Re: OpenBSD 3.7 on Soekris rebooting at random
On Wed, 31 Aug 2005 12:47:03 +0200 Olivier Mehani [EMAIL PROTECTED] wrote: I've just finished upgrading my router to 3.8-beta (GENERIC#119). Ok, the machine has been running without problem nor unwanted reboots for almost three days. It hasn't been able to last that long before the upgrade. I think the problem is fixed then. Ath works correctly in hostap mode with said kernel ;). Thank you for the advice ! -- Olivier Mehani [EMAIL PROTECTED] PGP fingerprint: 3720 A1F7 1367 9FA3 C654 6DFB 6845 4071 E346 2FD1
Re: OpenBSD 3.7 on Soekris rebooting at random
On Tue, 23 Aug 2005 19:49:46 +0200 [EMAIL PROTECTED] wrote: I haven't time in the next 10 days to play with it, but maybe Olivier can give some feedback in case he tries the latest snapshot? I've just finished upgrading my router to 3.8-beta (GENERIC#119). I'm going to stress the machine a little now ;) I keep you informed. -- Olivier Mehani [EMAIL PROTECTED] PGP fingerprint: 3720 A1F7 1367 9FA3 C654 6DFB 6845 4071 E346 2FD1
OpenBSD 3.7 on Soekris rebooting at random
Hi, I'm facing a strange problem (started a week or so ago): My OpenBSD 3.7 running on a Soekris net4511 reboots with no obvious reason. I've started monitoring the memory usage, load average and pf states, but these do not seem to be related to the problem. I'm also using the hardware watchdog which I will disable to see if it is involved in the problem, but everything has been working well for more than two months with it before. Do you have any suggestion of other things I should monitor ? Thanks -- Olivier Mehani [EMAIL PROTECTED] [demime 1.01d removed an attachment of type application/pgp-signature]

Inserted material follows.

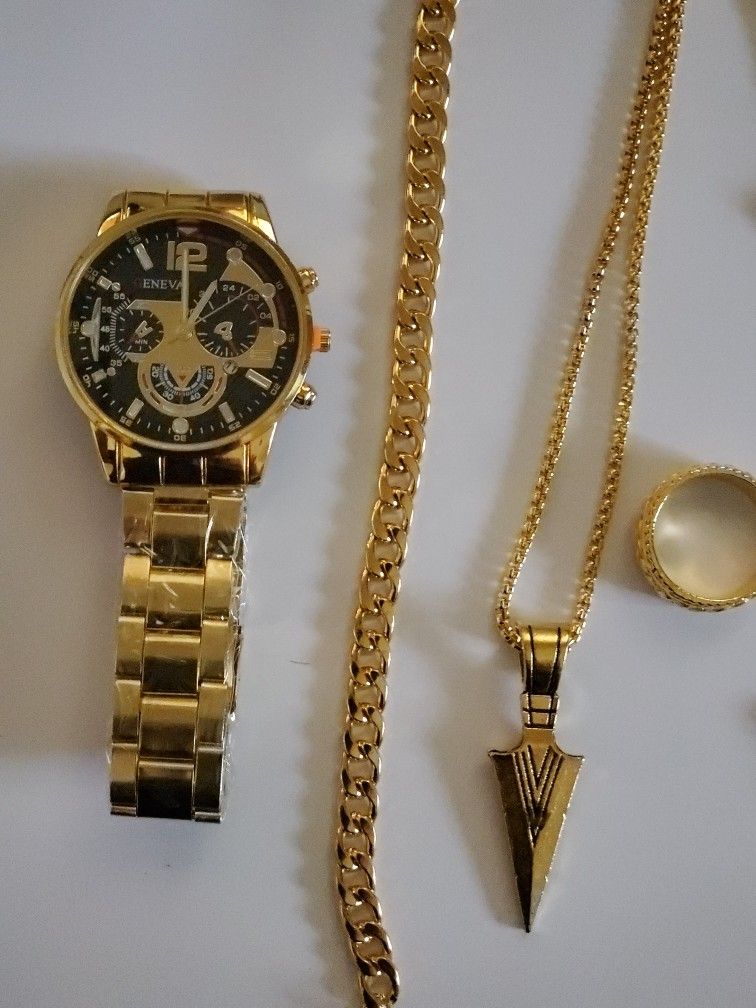 GENEVA MENS WATCH 4 PIECE SET BRACELET,NECKLESS,RING ,WATCH NEW IN PLASTIC DOWELS ON WACTH ARE FOR SHOW ONLY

Re: OpenBSD 3.7 on Soekris rebooting at random
Olivier Mehani wrote: Hi, I'm facing a strange problem (started a week or so ago): My OpenBSD 3.7 running on a Soekris net4511 reboots with no obvious reason. I've started monitoring the memory usage, load average and pf states, but these do not seem to be related to the problem. I'm also using the hardware watchdog which I will disable to see if it is involved in the problem, but everything has been working well for more than two months with it before. Do you have any suggestion of other things I should monitor ? Thanks -- Olivier Mehani [EMAIL PROTECTED] [demime 1.01d removed an attachment of type application/pgp-signature] a dmesg may be helpful...
Re: OpenBSD 3.7 on Soekris rebooting at random
Olivier Mehani wrote: My OpenBSD 3.7 running on a Soekris net4511 reboots with no obvious reason. I've started monitoring the memory usage, load average and pf states, but these do not seem to be related to the problem. [...] Do you have any suggestion of other things I should monitor ? Input voltage and current? I've seen reports of similar behaviour from Soekris boxes with underspec or flaky power supplies. -- Darren Tucker (dtucker at zip.com.au) GPG key 8FF4FA69 / D9A3 86E9 7EEE AF4B B2D4 37C9 C982 80C7 8FF4 FA69 Good judgement comes with experience. Unfortunately, the experience usually comes from bad judgement.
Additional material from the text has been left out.